PROBLEM: Beginning at the line with "Bridon anatomique Equestro en cuir Noir" in the records below, return each line up to and including the last, exactly as it stands, but not the pictures.

MATERIAL FOR THE TASK START

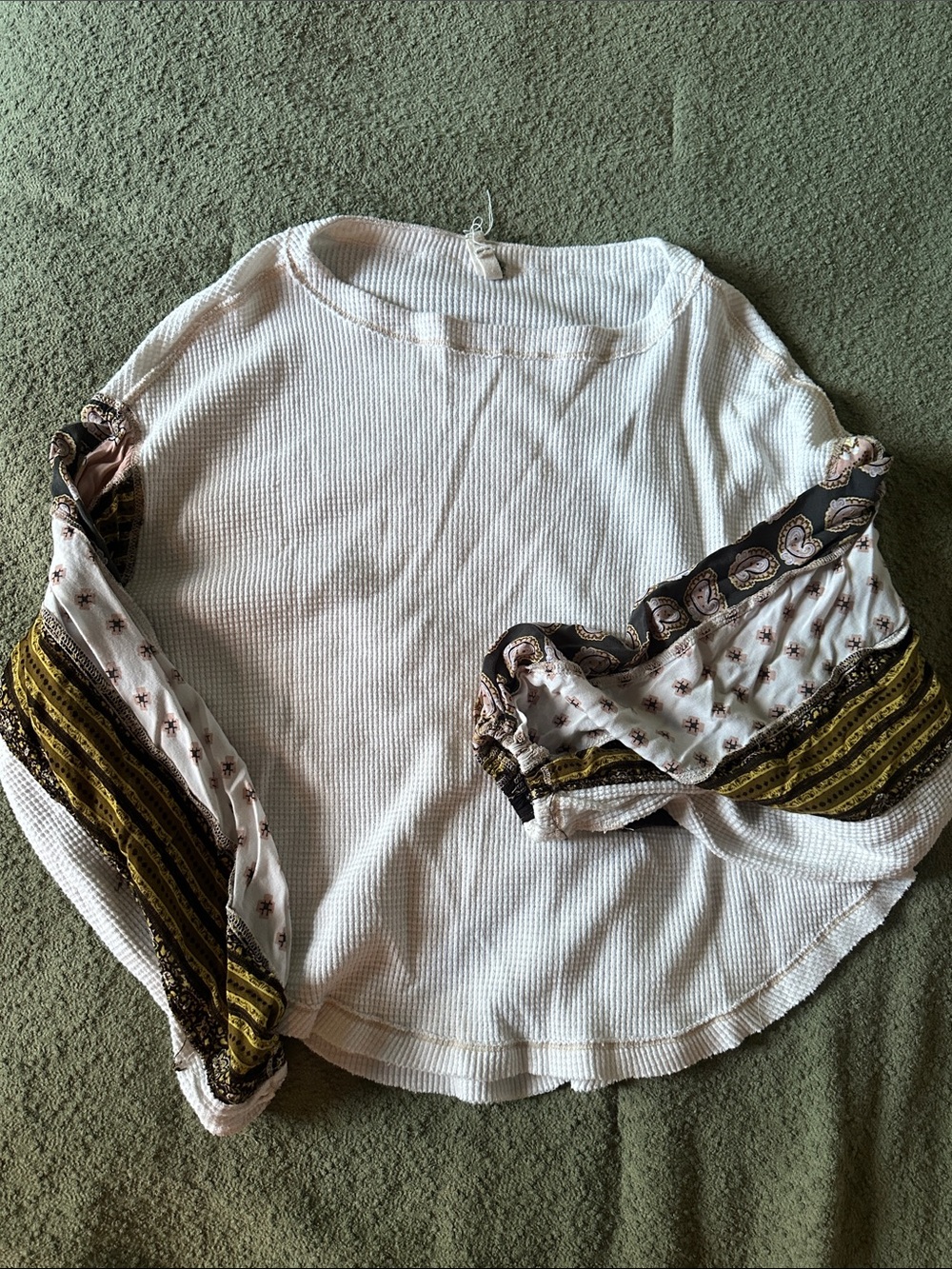 We The Free White Thermal Top with Patterned Boho Sleeves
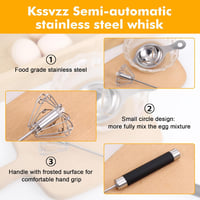 Kssvzz Félautomata Habverő 26 cm - Rozsdamentes Acél Konyhai Kézi Mixer Tojásszétválasztóval, Elektromosság Nélküli Sütés-Főzés Segéd, Mosog 4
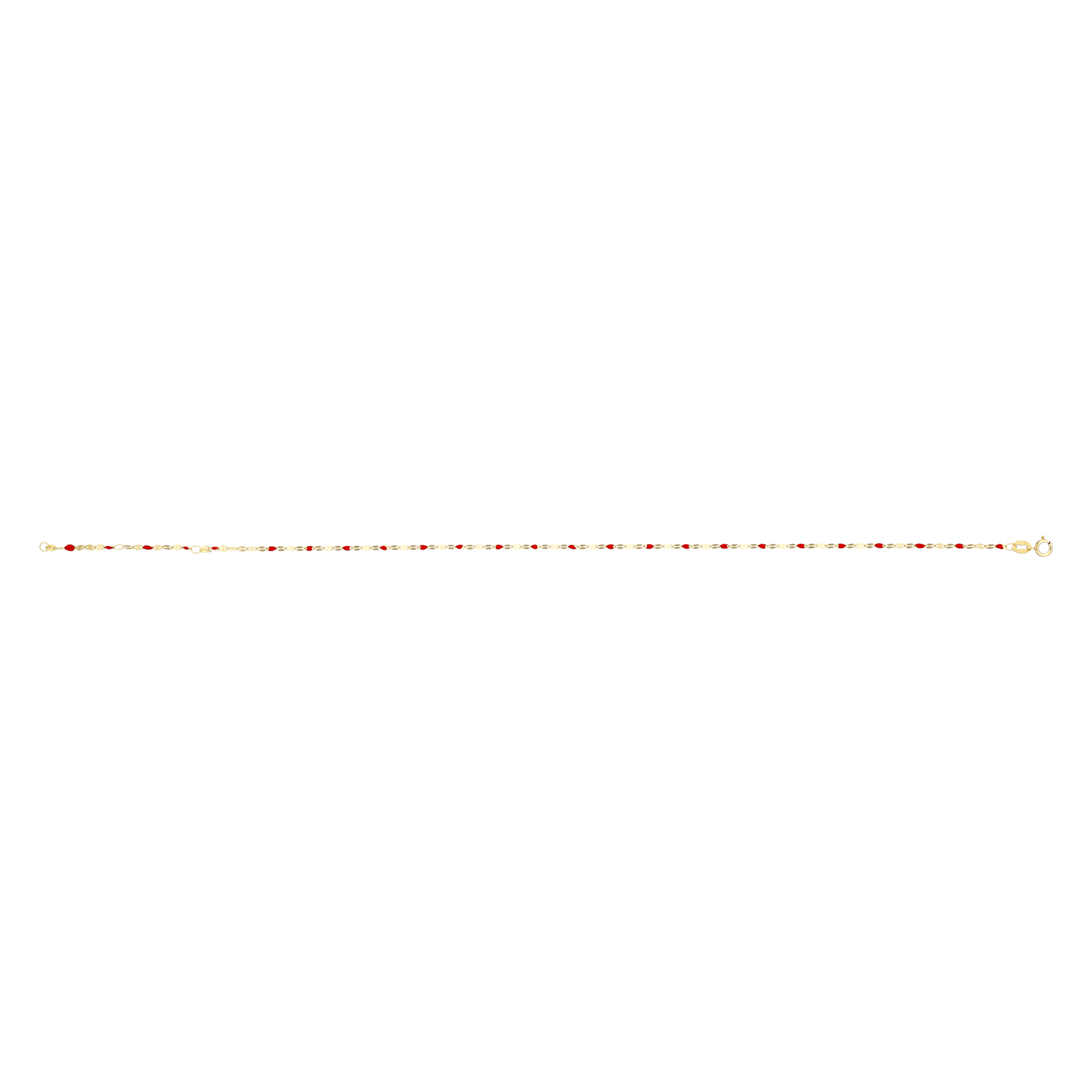 Chaîne cheville maille fantaisie émail rouge 26cm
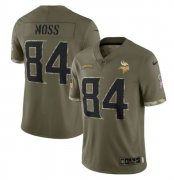 Wholesale Cheap Men's Minnesota Vikings #84 Randy Moss 2022 Olive Salute To Service Limited Stitched Jersey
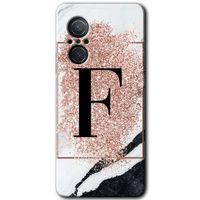 Huawei Nova 9 SE Kılıf HD Desen Baskılı Arka Kapak - Pembe Mermer Desenli F Harfi + Kırılmaz Cam
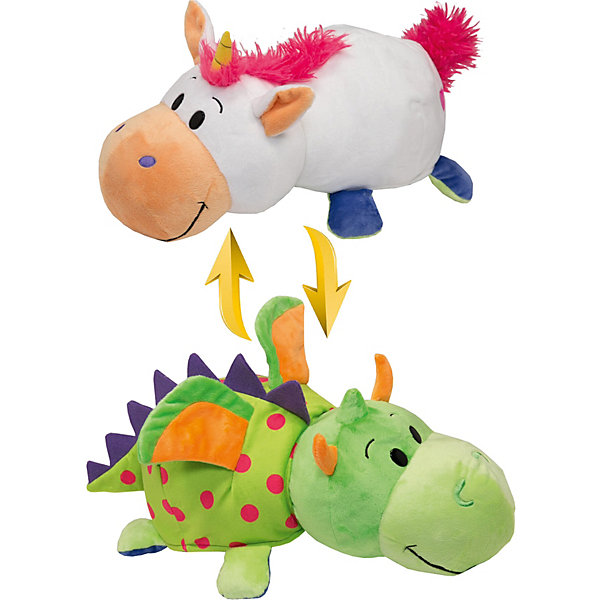 

Мягкая игрушка-вывернушка 1toy Единорог - Дракон, 40 см, Разноцветный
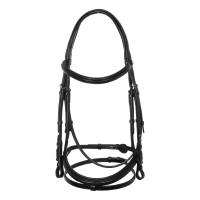 Bridon anatomique Equestro en cuir Noir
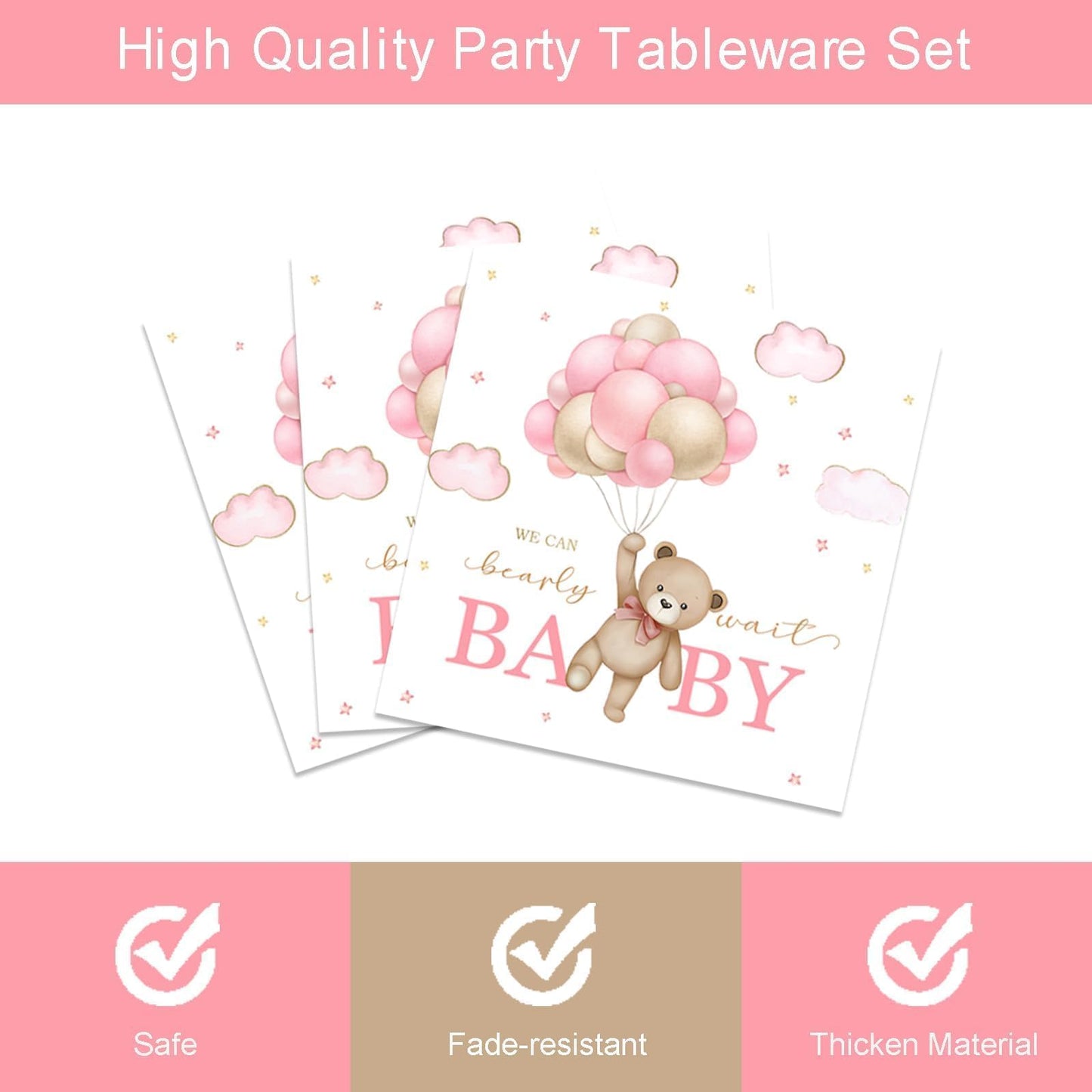 96 Pcs Bear Baby Shower Party Plates and Napkins Set, We Can Bearly Wait Party Decorations Supplies Brown Coffee Pink Tableware for Girl Baby Shower Decor, Serves 24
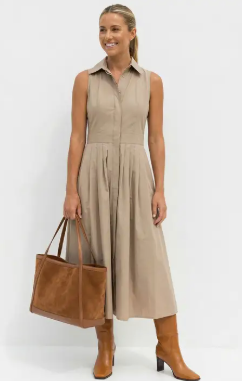 Sleeveless Midi Shirt Dress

MATERIAL FOR THE TASK END

ANSWER SPACE:
 Bridon anatomique Equestro en cuir Noir
 96 Pcs Bear Baby Shower Party Plates and Napkins Set, We Can Bearly Wait Party Decorations Supplies Brown Coffee Pink Tableware for Girl Baby Shower Decor, Serves 24
 Sleeveless Midi Shirt Dress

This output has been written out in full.